Alla Schiara il ricordo dei soci CAI e degli Alpini del 7° Reggimento

Una cerimonia intensa, anticipata quest’anno al 13 giugno, ha riunito al rifugio 7° Alpini al Pis Pilon soci del CAI Belluno, familiari, amici e rappresentanti delle istituzioni per ricordare i soci “andati avanti” e gli Alpini del 7° Reggimento che contribuirono alla costruzione del rifugio, oggi a loro intitolato. Una mattinata di grande partecipazione, resa ancora più suggestiva dalla Schiara in una delle sue giornate più limpide.

In questo scenario di guglie e torri, don Roberto De Nardin ha celebrato la Messa alla presenza dei Carabinieri Forestali di Candaten, del Commissario del Parco Nazionale Dolomiti Bellunesi, della sezione ANA di Belluno con vessillo e gagliardetti dei gruppi cittadini, oltre a molti appassionati di montagna.
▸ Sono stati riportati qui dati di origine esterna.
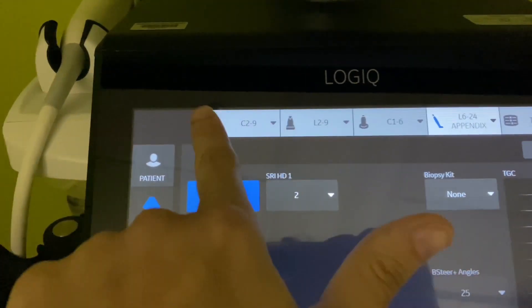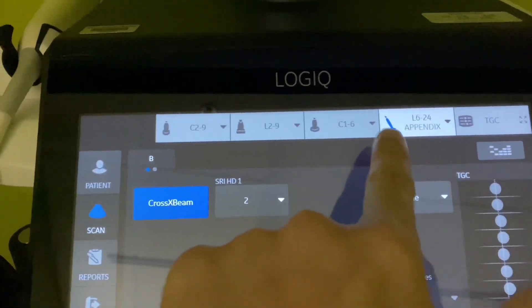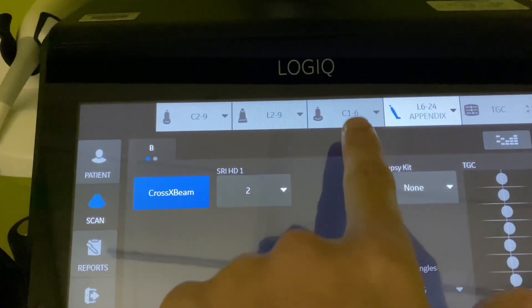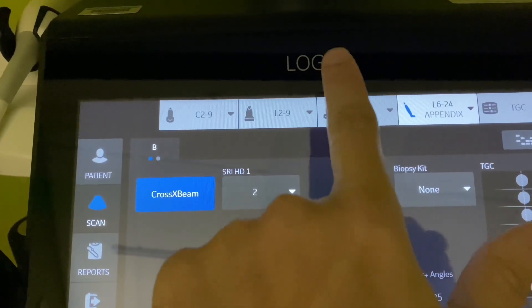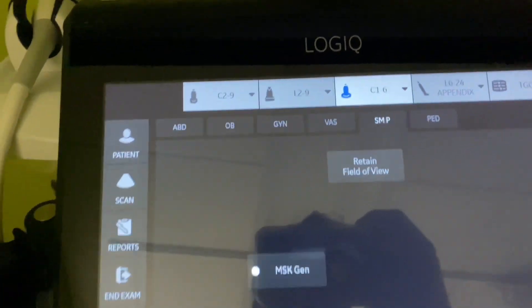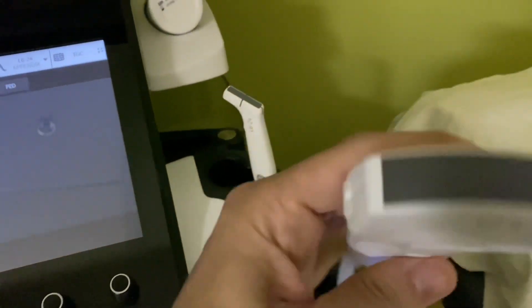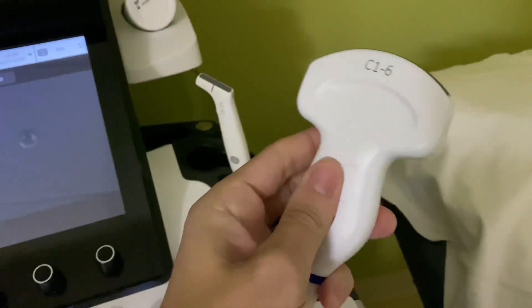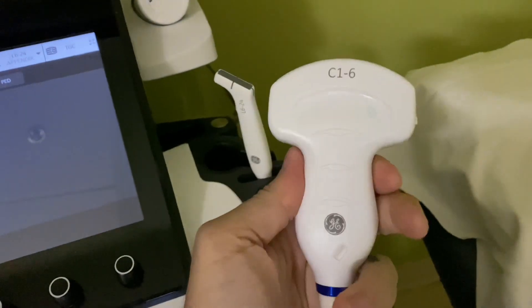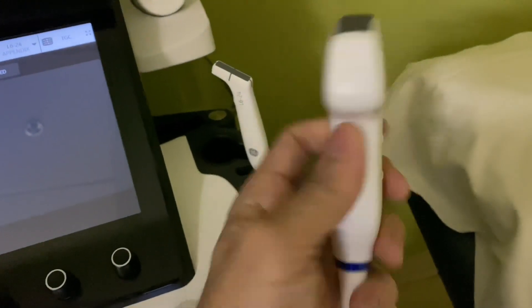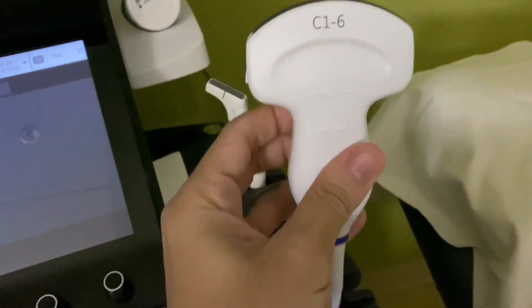All right, so once you have your patient chosen, you can choose whatever transducer you want. If you're doing an abdomen complete, you're usually going to go with C16. Now this is the C16, pretty much identical to the ones from the Logic 9. I'm sure it might have some maybe some updates, I don't know, but it looks very similar.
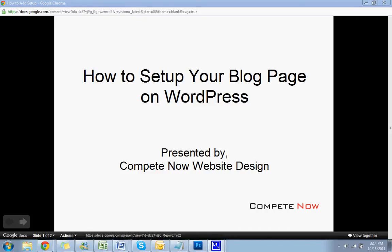Hello. We're going to be talking about how to set up your blog page on WordPress, presented by CompeteNow Website Design.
Il momento più toccante è stato il ricordo dei soci scomparsi. Paolo Foppa, descritto dai familiari come romantico esploratore di cenge e viaz; Sergio Da Rold, legatissimo al Pis Pilon; Alessandra “Gnagna” Rotelli, erede di una famiglia profondamente intrecciata con la storia del CAI; Giuliano Da Riva, avvicinatosi alla montagna attraverso la fotografia, ricordato dal figlio Alberto, oggi responsabile del gruppo speleologico Solve; Roberto Sorgato, protagonista di imprese alpinistiche dalle Dolomiti all’Eiger; Mario D’Incà, naturalista colto e generoso, presenza costante nel Coro CAI Belluno.

Davanti alla statua della Madonna “Regina Alpinorum” è stato poi ricordato Giuliano Dal Mas, mentre nella chiesa di Santo Stefano, in città, si celebrava in contemporanea il rito ufficiale del commiato. Don Roberto e i rappresentanti della Sezione ne hanno sottolineato la figura, e il Commissario del Parco, Ennio Vigne, ha raccontato come Dal Mas avesse recentemente consegnato tutto il materiale storico sulla nascita del Parco, affinché non andasse perduto.

Se il suo corpo era in chiesa, il suo spirito sembrava muoversi tra le cenge della Schiara, che quel giorno brillava di riflessi dorati. I canti del Coro CAI, salito fin lassù, hanno accompagnato la celebrazione e il ricordo, tra commozione e gratitudine. Le ultime melodie hanno riportato serenità, evocando l’amore per la montagna e la forza dei suoi silenzi.

La giornata ha offerto anche un gesto di cura verso la memoria: un socio della Sezione ha ripristinato la targa dedicata all’aviatore Arturo Dell’Oro, posta nei pressi del rifugio e da tempo dimenticata. Un modo per restituire dignità a un luogo che custodisce storie, sacrifici e passioni della comunità alpinistica bellunese.